Please copy, exactly and with no pictures, only the lines from the one containing "Электрическая зубная щетка" through the last line of the records.

◇ ◇ ◇ ◇ ◇

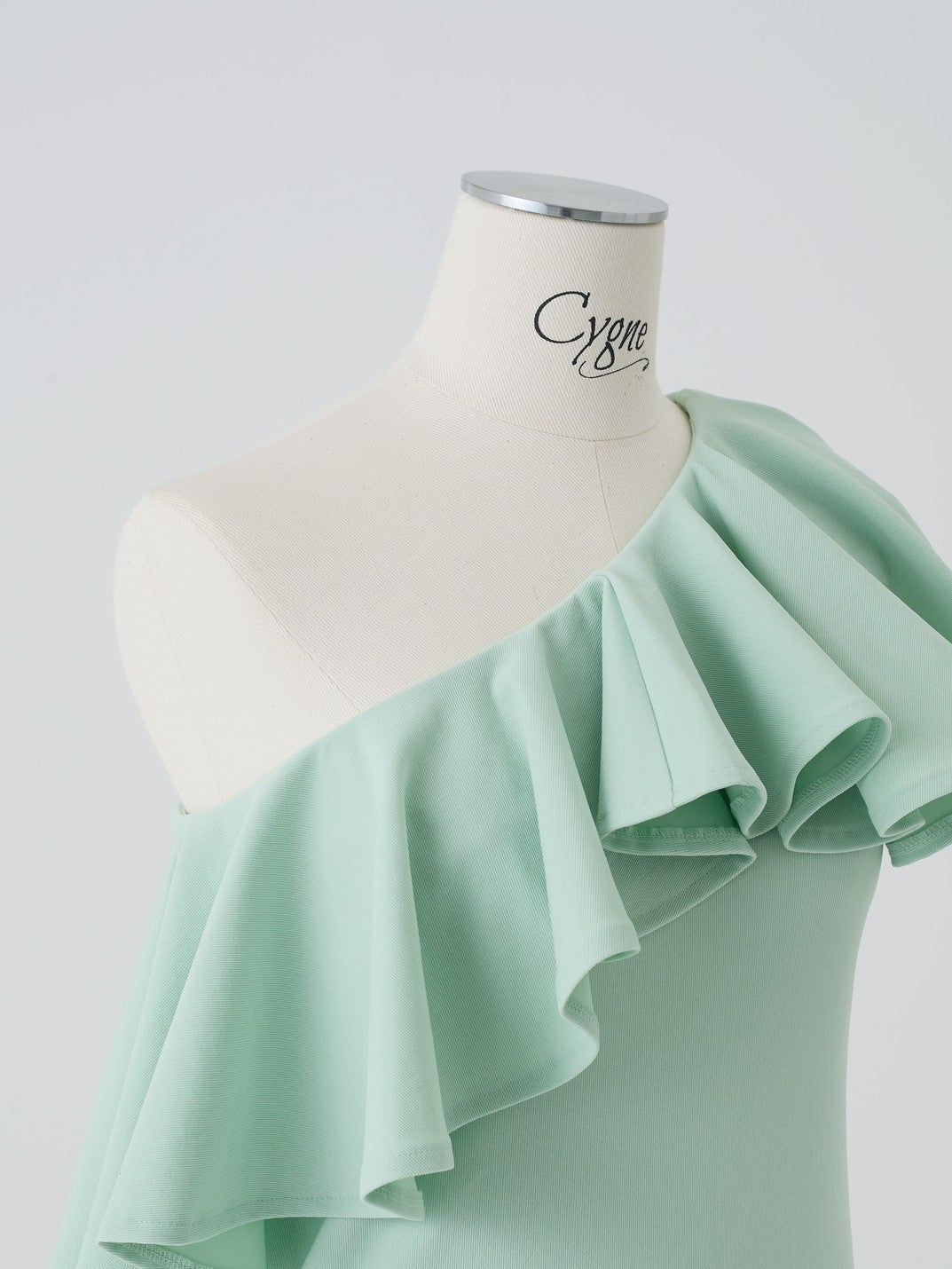 One-shoulder peplum top auu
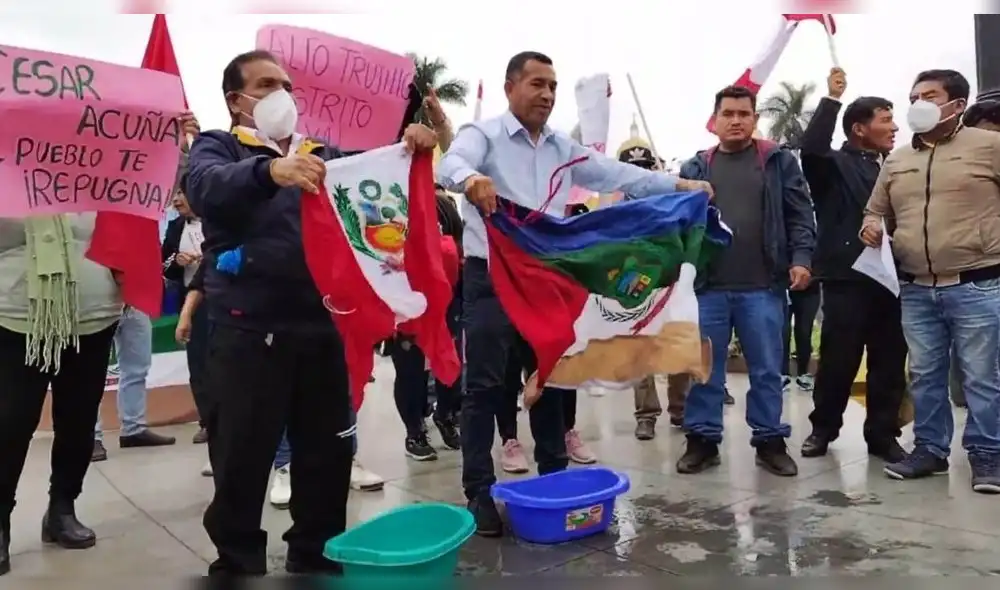 Vecinos de Alto Trujillo que llegaron a la Plaza de Armas de Trujillo exigieron que líder de APP pida disculpas públicas. Foto: Yolanda Goicochea/URPI LR Vecinos de Alto Trujillo que llegaron a la Plaza de Armas de Trujillo exigieron que líder de APP pida disculpas públicas. Foto: Yolanda Goicochea/URPI LR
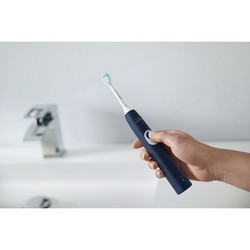 Электрическая зубная щетка Philips Sonicare ProtectiveClean 4300 HX6803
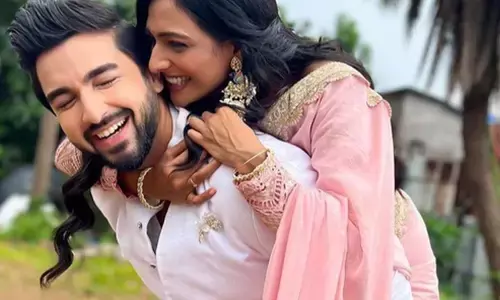 Bhagya Lakshmi TV Show : भाग्य लक्ष्मी के सेट पर शरारत करते हैं अभिनेता रोहित सुचांती...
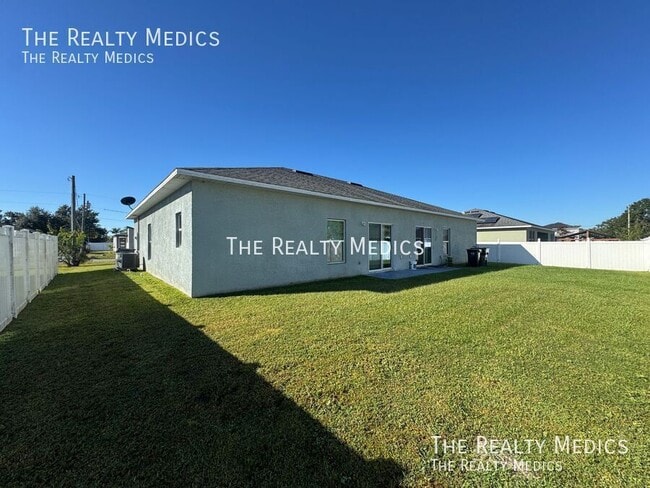 Building Photo - 548 Albatross Dr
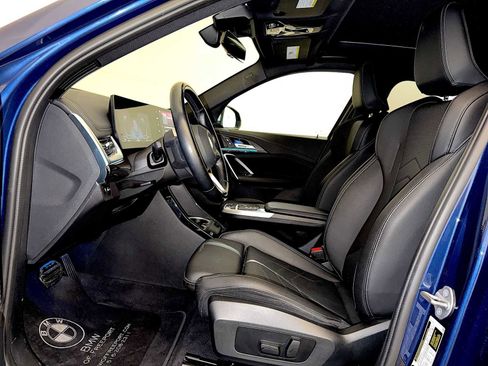 Certified 2023 BMW X1 xDrive28i w/ Convenience Package image 9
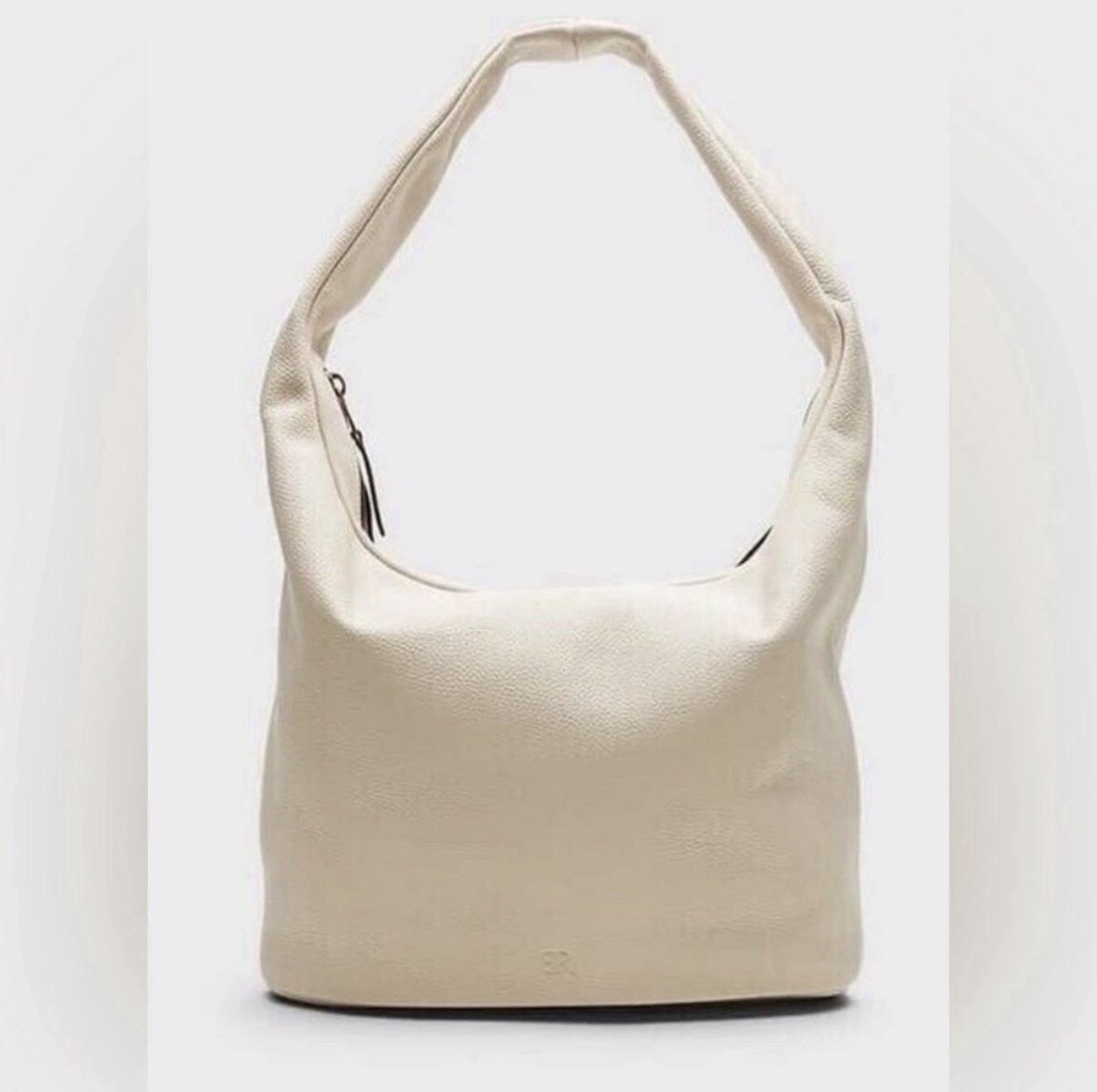 Banana Republic Beige Pebbled Shoulder Bag, Leather, Zip, Gold Hardware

◇ ◇ ◇ ◇ ◇

### Exercise response
 Электрическая зубная щетка Philips Sonicare ProtectiveClean 4300 HX6803
 Bhagya Lakshmi TV Show : भाग्य लक्ष्मी के सेट पर शरारत करते हैं अभिनेता रोहित सुचांती...
 Building Photo - 548 Albatross Dr
 Certified 2023 BMW X1 xDrive28i w/ Convenience Package image 9
 Banana Republic Beige Pebbled Shoulder Bag, Leather, Zip, Gold Hardware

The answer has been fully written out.